1.Load Original DenseNet Model
# Hyperparameters
batch_size = 128
num_classes = 10
epochs = 100
l = 12
num_filter = 36 #added 24 more filters
compression = 0.5
dropout_rate = 0.2
img_height, img_width, channel = 32, 32, 3
# Dense Block
# removed the dropout
def add_denseblock(input, num_filter = 12, dropout_rate = 0.2):
global compression
temp = input
for _ in range(l):
BatchNorm = BatchNormalization()(temp)
relu = Activation('relu')(BatchNorm)
Conv2D_3_3 = Conv2D(int(num_filter*compression), (3,3), use_bias=False ,padding='same')(relu)
#if dropout_rate>0:
# Conv2D_3_3 = Dropout2D(dropout_rate)(Conv2D_3_3)
concat = Concatenate(axis=-1)([temp,Conv2D_3_3])
temp = concat
return temp
def add_transition(input, num_filter = 12, dropout_rate = 0.2):
global compression
BatchNorm = BatchNormalization()(input)
relu = Activation('relu')(BatchNorm)
Conv2D_BottleNeck = Conv2D(int(num_filter*compression), (1,1), use_bias=False, kernel_regularizer = regularizers.l1() ,padding='same')(relu)
#if dropout_rate>0:
#Conv2D_BottleNeck = Dropout2D(dropout_rate)(Conv2D_BottleNeck)
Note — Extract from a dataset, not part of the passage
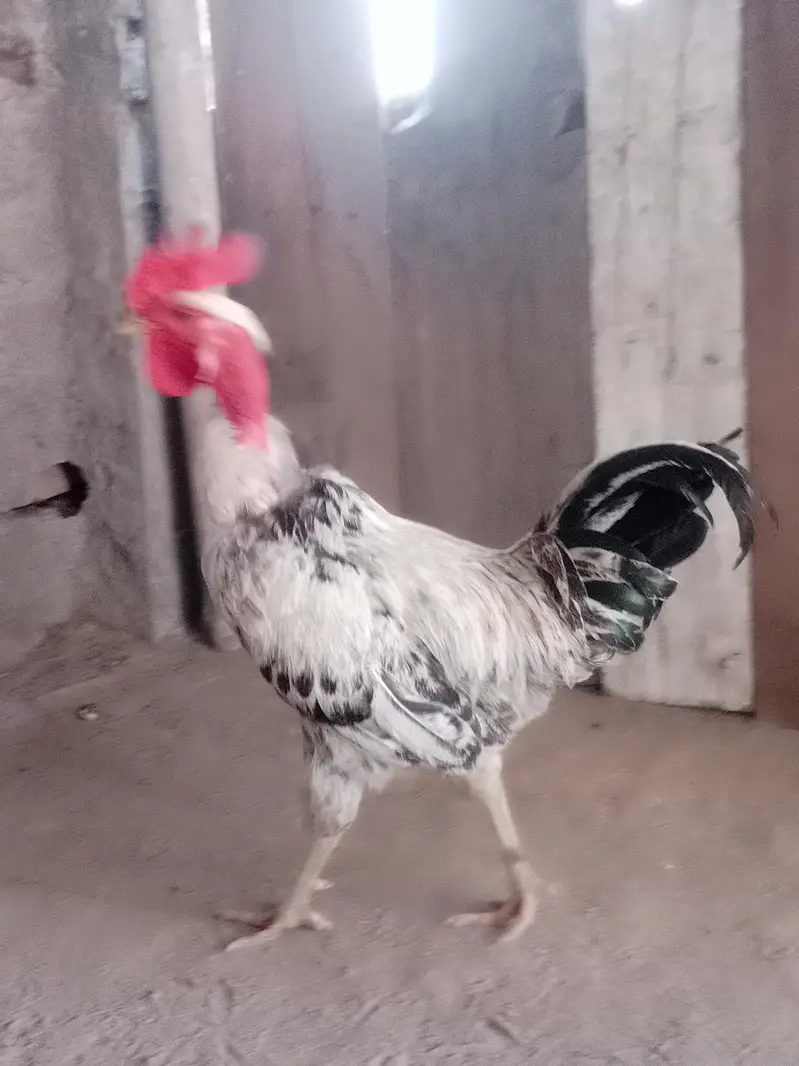 pure desi hen full breader hen  available in drive available — photo 8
avg = AveragePooling2D(pool_size=(2,2))(Conv2D_BottleNeck)
return avg
# converted the last Dense Layer to a Fully Convolution N/w as use of Dense Layer was prohibited
def output_layer(input):
global compression
BatchNorm = BatchNormalization()(input)
relu = Activation('relu')(BatchNorm)
AvgPooling = AveragePooling2D(pool_size=(2,2))(relu)
temp = Conv2D(num_classes, kernel_size = (2,2))(AvgPooling)
output = Activation('softmax')(temp)
flat = Flatten()(output)
return flat
num_filter = 36
dropout_rate = 0.2
l= 12
input = Input(shape=(img_height, img_width, channel,))
First_Conv2D = Conv2D(num_filter, (3,3), use_bias=False ,padding='same')(input)
First_Block = add_denseblock(First_Conv2D, num_filter, dropout_rate)
First_Transition = add_transition(First_Block, num_filter, dropout_rate)
Second_Block = add_denseblock(First_Transition, num_filter, dropout_rate)
Second_Transition = add_transition(Second_Block, num_filter, dropout_rate)
Third_Block = add_denseblock(Second_Transition, num_filter, dropout_rate)
Third_Transition = add_transition(Third_Block, num_filter, dropout_rate)
Last_Block = add_denseblock(Third_Transition, num_filter, dropout_rate)
output = output_layer(Last_Block)
model = Model(inputs=[input], outputs=[output])
model.summary()
model.load_weights(path + '/190epochs.h5')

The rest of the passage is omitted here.